** Task inputs follows **

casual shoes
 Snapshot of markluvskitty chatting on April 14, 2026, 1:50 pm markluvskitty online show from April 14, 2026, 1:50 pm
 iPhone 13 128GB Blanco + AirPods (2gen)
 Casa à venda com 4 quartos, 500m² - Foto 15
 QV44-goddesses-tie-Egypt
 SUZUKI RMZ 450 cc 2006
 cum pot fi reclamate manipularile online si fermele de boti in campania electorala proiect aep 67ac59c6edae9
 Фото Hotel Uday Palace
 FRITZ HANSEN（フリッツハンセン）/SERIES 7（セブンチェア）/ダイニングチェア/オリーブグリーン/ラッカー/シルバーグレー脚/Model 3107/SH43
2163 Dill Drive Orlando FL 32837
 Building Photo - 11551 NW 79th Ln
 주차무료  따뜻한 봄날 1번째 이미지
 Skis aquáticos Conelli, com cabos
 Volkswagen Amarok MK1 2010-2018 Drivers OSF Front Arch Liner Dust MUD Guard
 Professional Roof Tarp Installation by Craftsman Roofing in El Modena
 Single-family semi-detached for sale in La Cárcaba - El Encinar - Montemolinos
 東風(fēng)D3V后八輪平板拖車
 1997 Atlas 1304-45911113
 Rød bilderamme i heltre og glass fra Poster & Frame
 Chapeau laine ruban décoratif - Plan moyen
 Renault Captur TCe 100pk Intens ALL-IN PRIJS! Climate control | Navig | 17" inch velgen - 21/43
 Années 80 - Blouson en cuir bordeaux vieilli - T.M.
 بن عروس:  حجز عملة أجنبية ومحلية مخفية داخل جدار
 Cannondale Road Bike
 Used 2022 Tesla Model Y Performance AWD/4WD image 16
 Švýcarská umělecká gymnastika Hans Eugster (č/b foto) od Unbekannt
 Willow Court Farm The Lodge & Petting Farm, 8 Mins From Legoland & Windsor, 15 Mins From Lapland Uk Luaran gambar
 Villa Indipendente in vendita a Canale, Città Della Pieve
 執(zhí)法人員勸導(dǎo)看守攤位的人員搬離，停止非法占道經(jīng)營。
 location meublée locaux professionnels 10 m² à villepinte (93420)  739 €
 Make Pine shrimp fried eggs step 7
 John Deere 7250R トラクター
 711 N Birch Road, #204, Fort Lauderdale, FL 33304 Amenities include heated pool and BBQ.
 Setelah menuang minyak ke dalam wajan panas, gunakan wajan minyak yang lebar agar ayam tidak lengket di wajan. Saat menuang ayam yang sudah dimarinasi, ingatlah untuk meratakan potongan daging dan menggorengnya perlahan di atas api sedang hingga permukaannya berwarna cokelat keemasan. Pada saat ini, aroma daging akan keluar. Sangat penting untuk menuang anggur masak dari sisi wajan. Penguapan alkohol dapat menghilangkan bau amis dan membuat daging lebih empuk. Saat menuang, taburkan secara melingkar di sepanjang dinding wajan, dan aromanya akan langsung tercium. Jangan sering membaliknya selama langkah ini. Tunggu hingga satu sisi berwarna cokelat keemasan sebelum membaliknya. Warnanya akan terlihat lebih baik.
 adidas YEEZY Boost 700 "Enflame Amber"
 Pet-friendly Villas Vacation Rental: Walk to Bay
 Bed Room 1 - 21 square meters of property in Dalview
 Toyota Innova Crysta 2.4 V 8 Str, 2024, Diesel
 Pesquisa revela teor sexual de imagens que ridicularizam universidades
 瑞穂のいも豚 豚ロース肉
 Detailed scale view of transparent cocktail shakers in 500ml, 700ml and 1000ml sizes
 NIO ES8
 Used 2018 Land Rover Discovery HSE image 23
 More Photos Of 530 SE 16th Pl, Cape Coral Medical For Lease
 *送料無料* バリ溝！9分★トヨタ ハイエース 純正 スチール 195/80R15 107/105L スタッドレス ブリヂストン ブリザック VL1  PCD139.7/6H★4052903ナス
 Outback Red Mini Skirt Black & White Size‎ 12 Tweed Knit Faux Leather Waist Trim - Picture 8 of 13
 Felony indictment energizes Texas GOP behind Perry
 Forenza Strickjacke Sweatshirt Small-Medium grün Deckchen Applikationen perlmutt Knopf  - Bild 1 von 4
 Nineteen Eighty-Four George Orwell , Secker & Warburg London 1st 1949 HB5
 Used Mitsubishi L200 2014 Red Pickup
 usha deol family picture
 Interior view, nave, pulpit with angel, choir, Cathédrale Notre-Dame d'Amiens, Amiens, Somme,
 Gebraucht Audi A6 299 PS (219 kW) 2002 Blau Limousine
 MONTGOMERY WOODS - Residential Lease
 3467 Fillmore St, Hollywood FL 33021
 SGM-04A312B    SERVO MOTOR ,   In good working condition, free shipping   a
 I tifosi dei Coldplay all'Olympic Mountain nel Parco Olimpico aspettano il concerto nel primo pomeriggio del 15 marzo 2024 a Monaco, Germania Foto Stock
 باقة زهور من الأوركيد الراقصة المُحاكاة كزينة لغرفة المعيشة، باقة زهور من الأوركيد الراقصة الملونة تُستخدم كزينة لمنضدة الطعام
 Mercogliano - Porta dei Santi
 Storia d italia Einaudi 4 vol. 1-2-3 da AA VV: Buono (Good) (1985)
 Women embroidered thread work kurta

** End of Task inputs **

● Description of the task: Please output only the lines from the first line of the entries through the line with "SUZUKI RMZ 450 cc 2006", both included, exactly as written.

● Worked solution:
casual shoes
 Snapshot of markluvskitty chatting on April 14, 2026, 1:50 pm markluvskitty online show from April 14, 2026, 1:50 pm
 iPhone 13 128GB Blanco + AirPods (2gen)
 Casa à venda com 4 quartos, 500m² - Foto 15
 QV44-goddesses-tie-Egypt
 SUZUKI RMZ 450 cc 2006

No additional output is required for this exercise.